Northern Irish woman wins Chapman Medal

9 July 2014

Lurgan-born solar physicist Professor Louise Harra, of UCL's Mullard Space Science Laboratory, was recently presented with the Royal Astronomical Society’s Chapman Medal for 2014, becoming the first woman to win this honour.

Louise Harra

Professor Harra took her primary and doctoral degrees at Queen’s University Belfast, and has worked in Japan and the UK as well as being part of multiple international collaborations. Her research is concentrated on the exploitation of extreme-UV and X-ray spectroscopy and solar plasma diagnostics to understand the active solar atmosphere.

Since September 2006, she has been Principal Investigator of the UK’s EUV Imaging Spectrometer on the Hinode satellite mission, and has taken a leading role in exploiting its observations. She is also co-PI on the EUV Imager onboard the ESA Solar Orbiter mission.

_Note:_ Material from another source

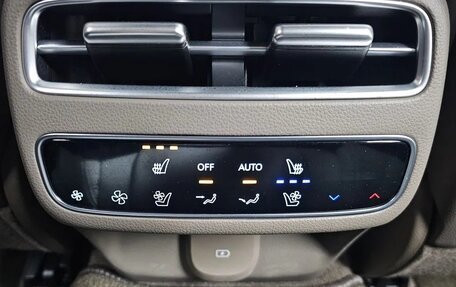 Genesis GV70, 2025 год, 7 850 077 рублей, 15 фотография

In addition to this, Professor Harra is an honorary professor of the Solar Magnetism and Activity Group at the National Astronomical Observatories in Beijing and is a partner in UCL’s Centre for Space Medicine, which aims to make use of technological and analytical techniques from space and apply them to areas of medicine.

The Chapman Medal award is made primarily in recognition of her significant advances in using EUV spectroscopy to understand large-scale solar flows, dynamics and eruptions. This includes the spectroscopic detection and characterisation of large-scale coronal waves, and outflows of hot plasma from the corona following coronal mass ejections.

Particularly notable is her identification of the likely source of the slow solar wind, opening a new channel for understanding its production. She sets her discoveries in the context both of the emergence and the evolution of solar magnetic fields, and of space weather. In doing so, she provides a rounded view of the dynamic links between the solar magnetic field and the heliosphere.